Reviews close the deal: 91% of people read local reviews and most won't consider a business under 4 stars (BrightLocal 2025, n=1,026), and 81% rely on Google reviews to decide (CallRail 2026). A pile of followers does none of this. Getting found, getting picked, and getting booked does — that's the whole game at Booked Job.
The non-obvious part: a following is a renter, a search result is an owner
Here's the insight a generic blog won't tell you. When you post to followers, you're renting attention from a platform that decides who sees it — and lately, almost nobody does. But a search result, an LSA listing, or a 5-star Google profile catches people at the exact moment they've decided to spend money. That's intent, and intent is worth a fortune.
The conversion gap proves it. Shared leads convert at just 6-10%, organic at 18-24%, and a direct phone call up to 40% (2026 figures). Now look at the trade economics on LSA (SearchLight 2026): HVAC books 44% of leads at a $2,110 average ticket for 9.55x return on ad spend; plumbing books 44.5% at a $1,714 ticket; electrical books 43.4% at a $1,434 ticket. A follower count has no conversion rate, no ticket size, no ROAS. It just sits there looking pretty while the intent-buyers go to whoever showed up.
Where to put your hours instead
If you've got an hour, don't spend it making a reel. Spend it making sure you pick up the phone (kill that 14% missed-call rate, per CallRail 2026), asking happy customers for a Google review (88% favor businesses that respond to all reviews, CallRail 2026), and being findable when someone searches your trade in your town.

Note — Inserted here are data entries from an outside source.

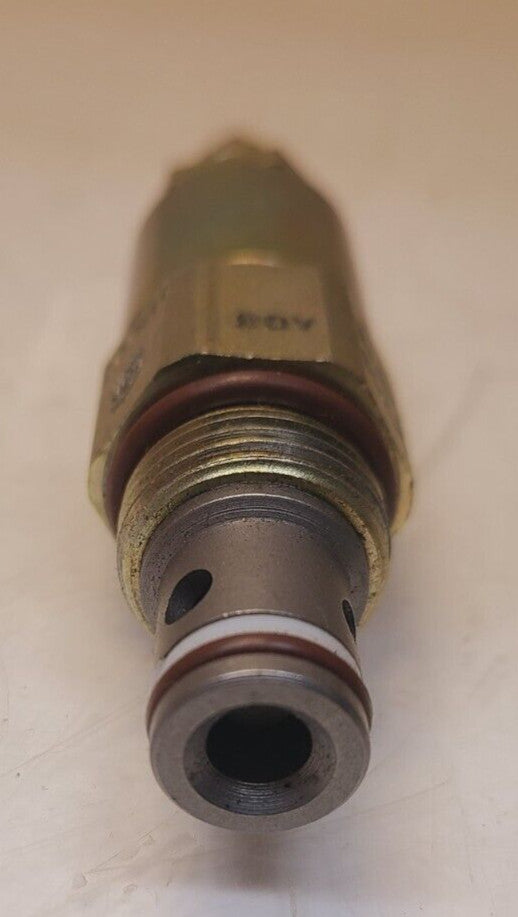 Sauer Danfoss Pressure Relief Cartridge Valve CP208-A03 | 111005 | V-0-E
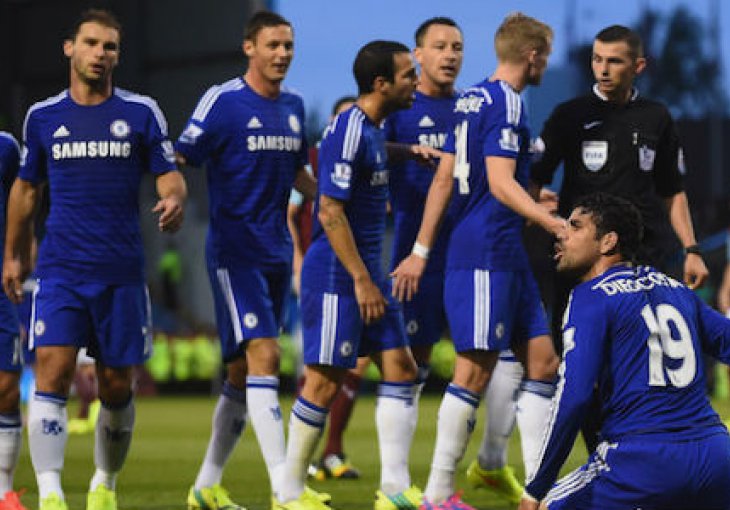 Chelsea prvi favorit za dovođenje igrača dortmundske Borussije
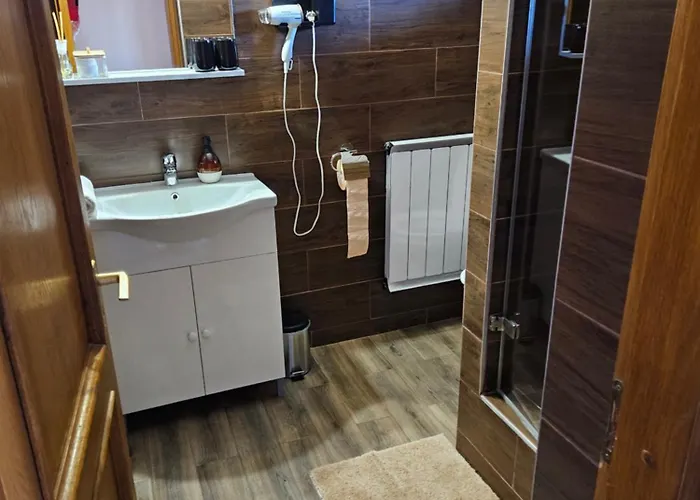 Gasthof Szofia Siófok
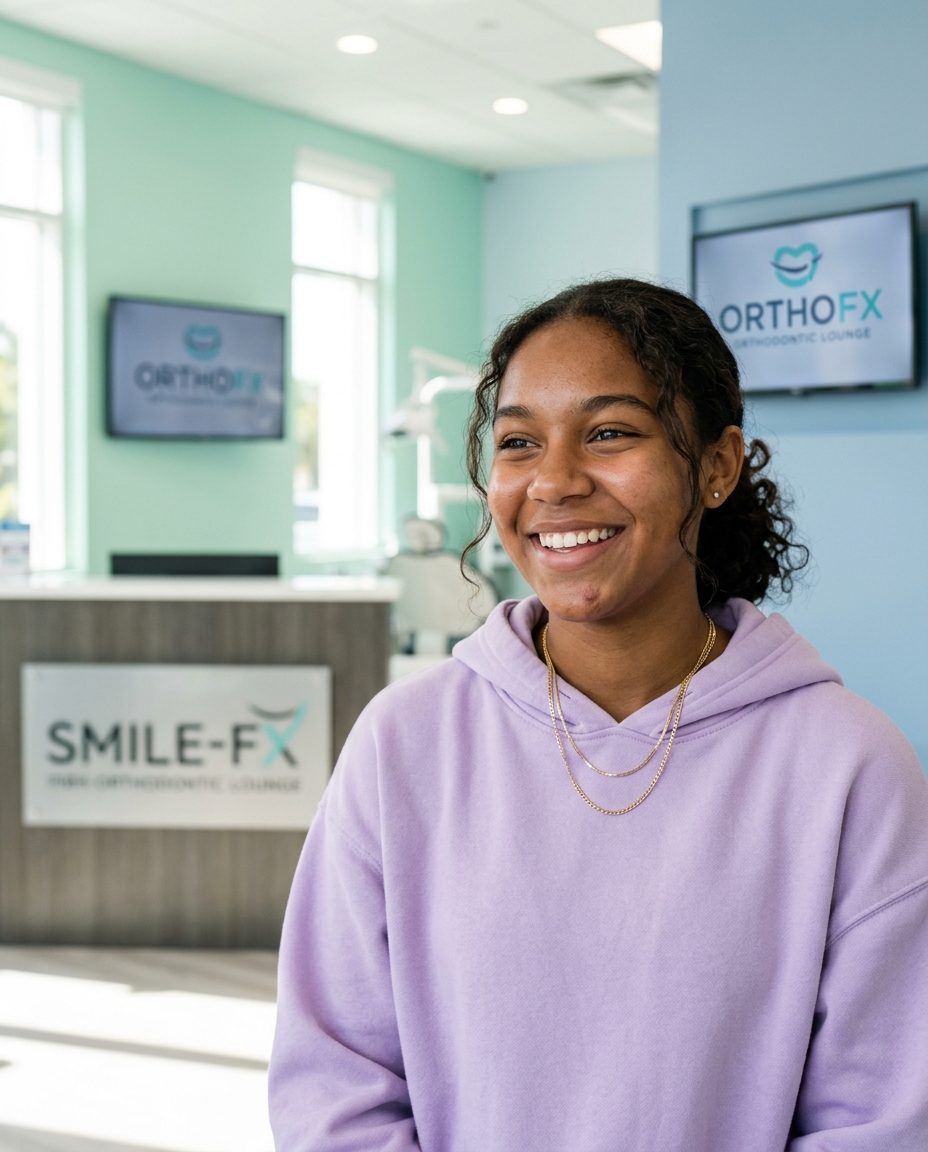 Best orthodontist near me braces invisalign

And fix your website while you're at it. The average contractor site converts just 2-3% — about 98% of visitors leave without contacting anyone (WebFX 2026). Plumbing sites can hit 12-16% when built right; HVAC, roofing, and remodel land 3-7% (WebFX 2026). That's a booked-job machine. A follower count is a billboard nobody drives past.
Frequently asked questions
Are followers completely useless for a contractor?
Not completely, but they're near the bottom of the list. A following can warm up repeat customers and referrals over time. But it doesn't convert like intent channels do — shared leads convert 6-10%, organic 18-24%, and a direct call up to 40% (2026 figures). If you have to choose where your limited hours go, getting found and answering fast beats growing a follower count every time.
What's the one number I should actually track?
Cost per booked job. That's the dollars you spent divided by the jobs you actually won. It cuts through everything. For reference (2026 lead-network comparisons): Google LSA runs about $168 (exclusive), Thumbtack about $250 (shared with 4-5 pros), and Angi/HomeAdvisor about $542. Owned SEO runs about $290-310 and declines yearly. Followers have no cost-per-job, which tells you exactly how much they're worth.
If I stop chasing followers, where do I start instead?
Start with the cheapest wins. Answer your phone — the missed-call rate in home services is 14% (CallRail 2026), and 78% of homeowners hire the first contractor to respond (Lead Connect 2026). Then stack Google reviews, since 91% read them and most skip anyone under 4 stars (BrightLocal 2025). Then make sure you show up in local search. Those three move money.